* [TASK DETAILS] Each entry should be printed exactly, with its images omitted.

* [Short text fragments from websites]
══════════
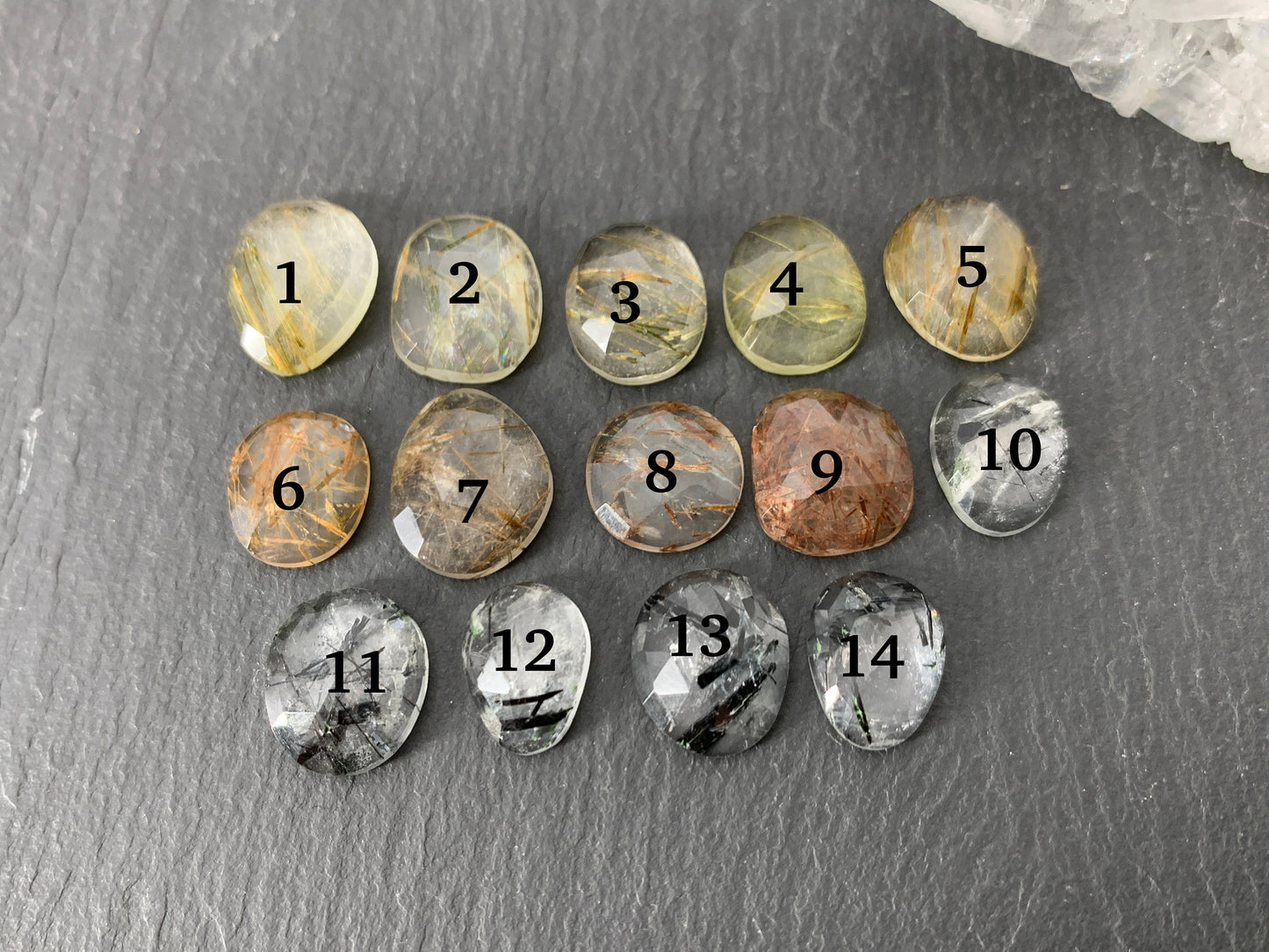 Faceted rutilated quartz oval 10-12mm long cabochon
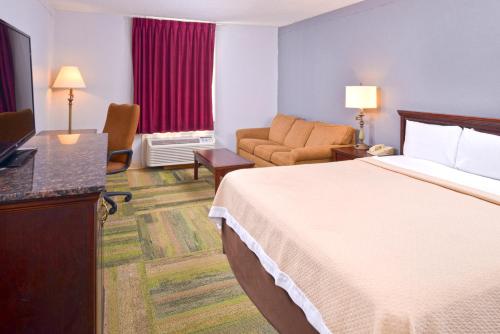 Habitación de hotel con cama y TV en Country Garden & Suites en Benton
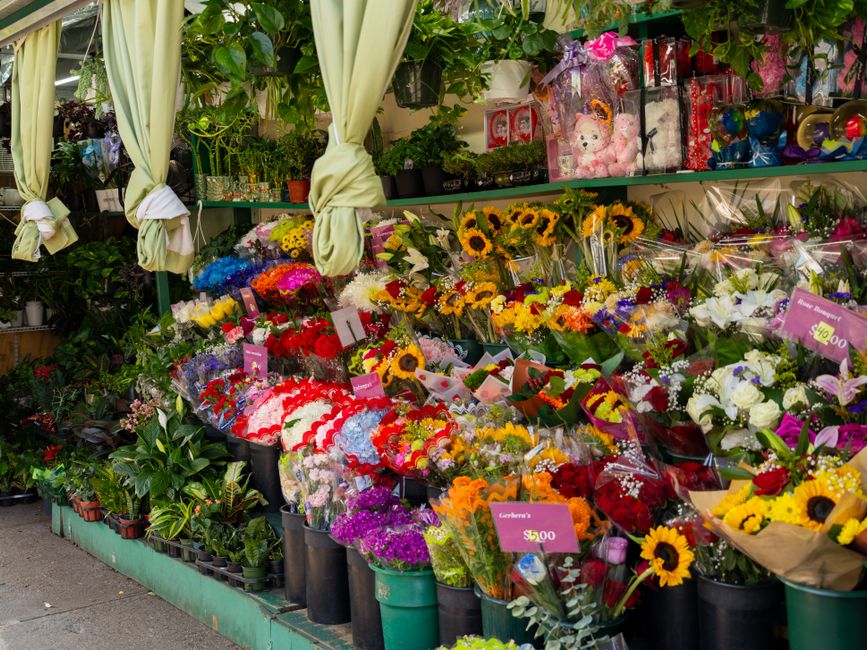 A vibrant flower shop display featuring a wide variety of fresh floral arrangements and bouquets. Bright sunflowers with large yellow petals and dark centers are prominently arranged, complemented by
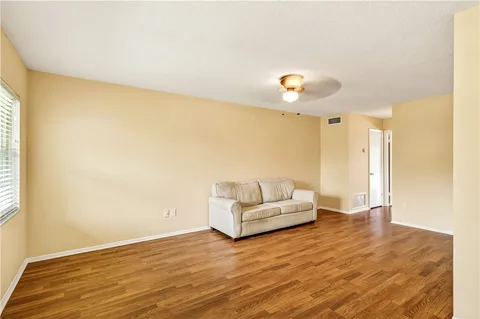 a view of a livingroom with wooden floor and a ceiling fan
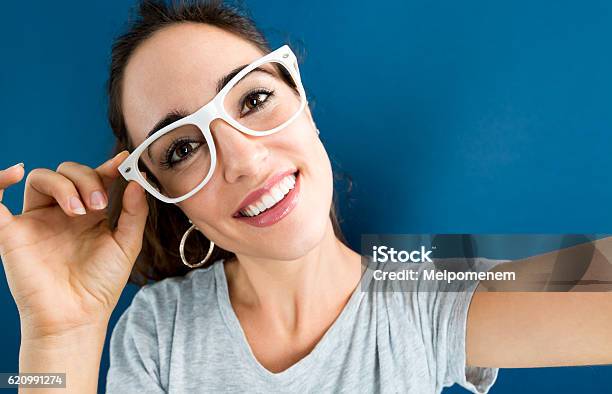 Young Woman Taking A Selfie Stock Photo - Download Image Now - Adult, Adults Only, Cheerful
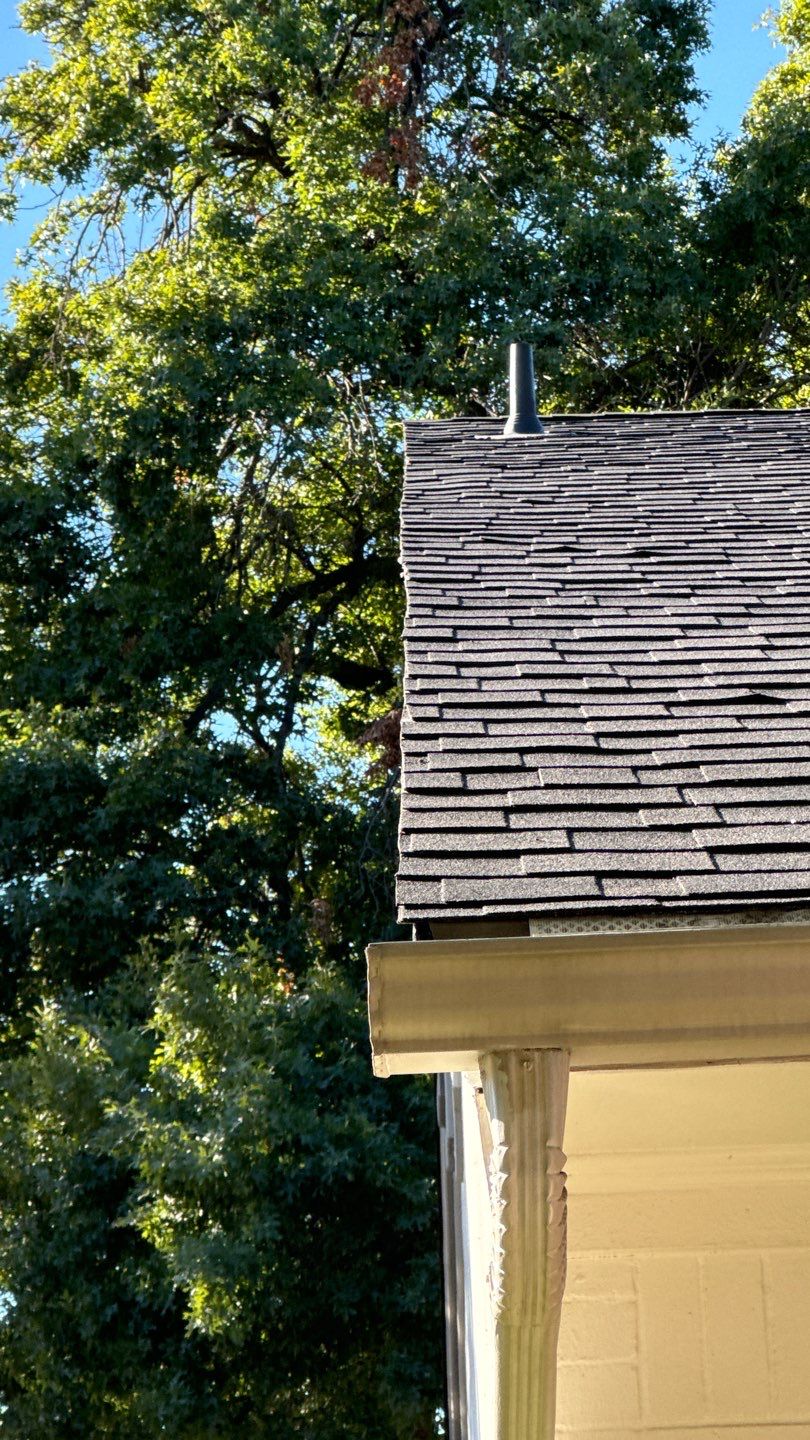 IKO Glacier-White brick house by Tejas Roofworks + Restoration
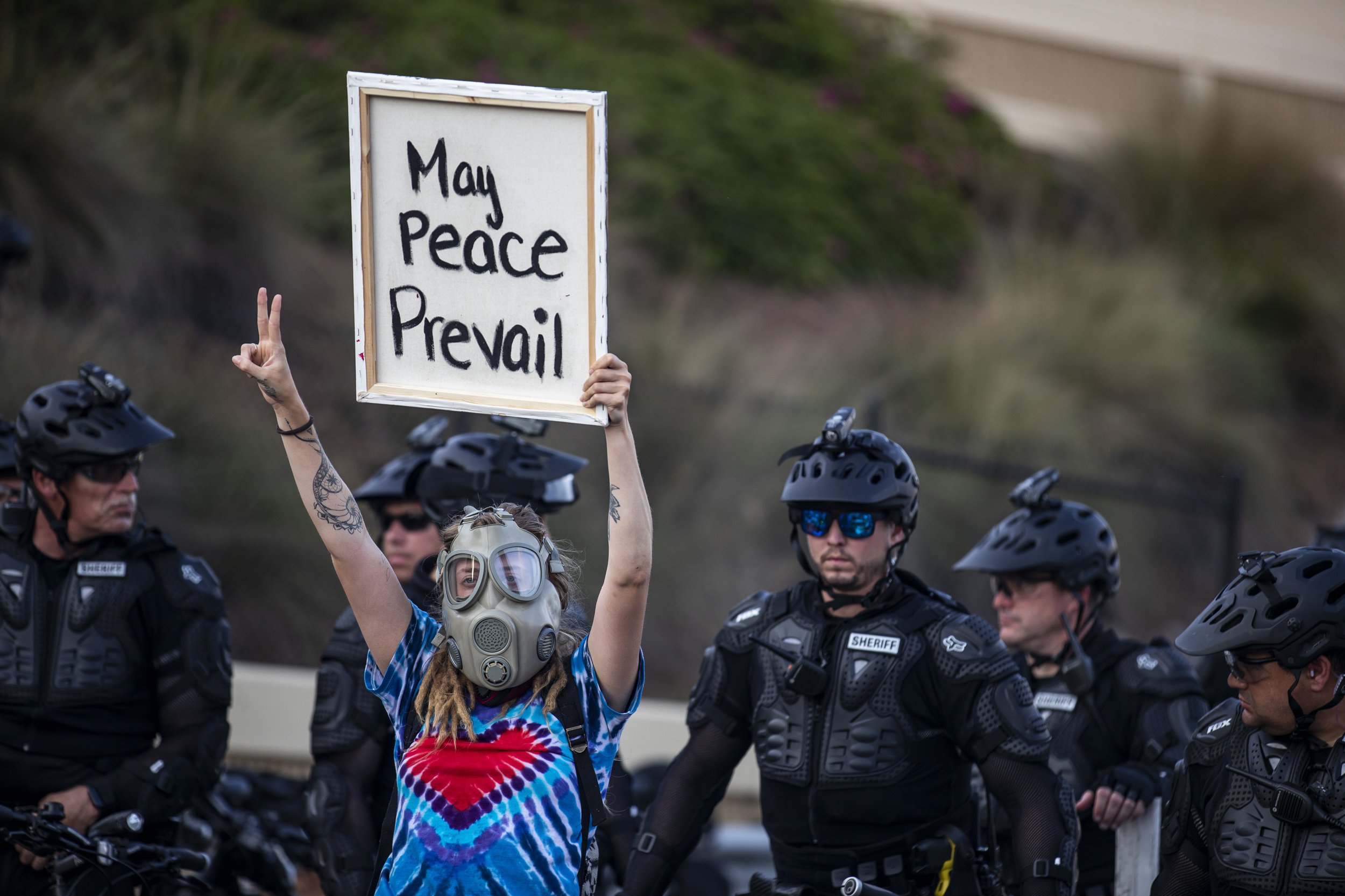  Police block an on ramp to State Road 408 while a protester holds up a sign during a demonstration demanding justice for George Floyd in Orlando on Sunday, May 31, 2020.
══════════
* [EXPECTED ANSWER]
 Faceted rutilated quartz oval 10-12mm long cabochon
 Habitación de hotel con cama y TV en Country Garden & Suites en Benton
 A vibrant flower shop display featuring a wide variety of fresh floral arrangements and bouquets. Bright sunflowers with large yellow petals and dark centers are prominently arranged, complemented by
 a view of a livingroom with wooden floor and a ceiling fan
 Young Woman Taking A Selfie Stock Photo - Download Image Now - Adult, Adults Only, Cheerful
 IKO Glacier-White brick house by Tejas Roofworks + Restoration
  Police block an on ramp to State Road 408 while a protester holds up a sign during a demonstration demanding justice for George Floyd in Orlando on Sunday, May 31, 2020.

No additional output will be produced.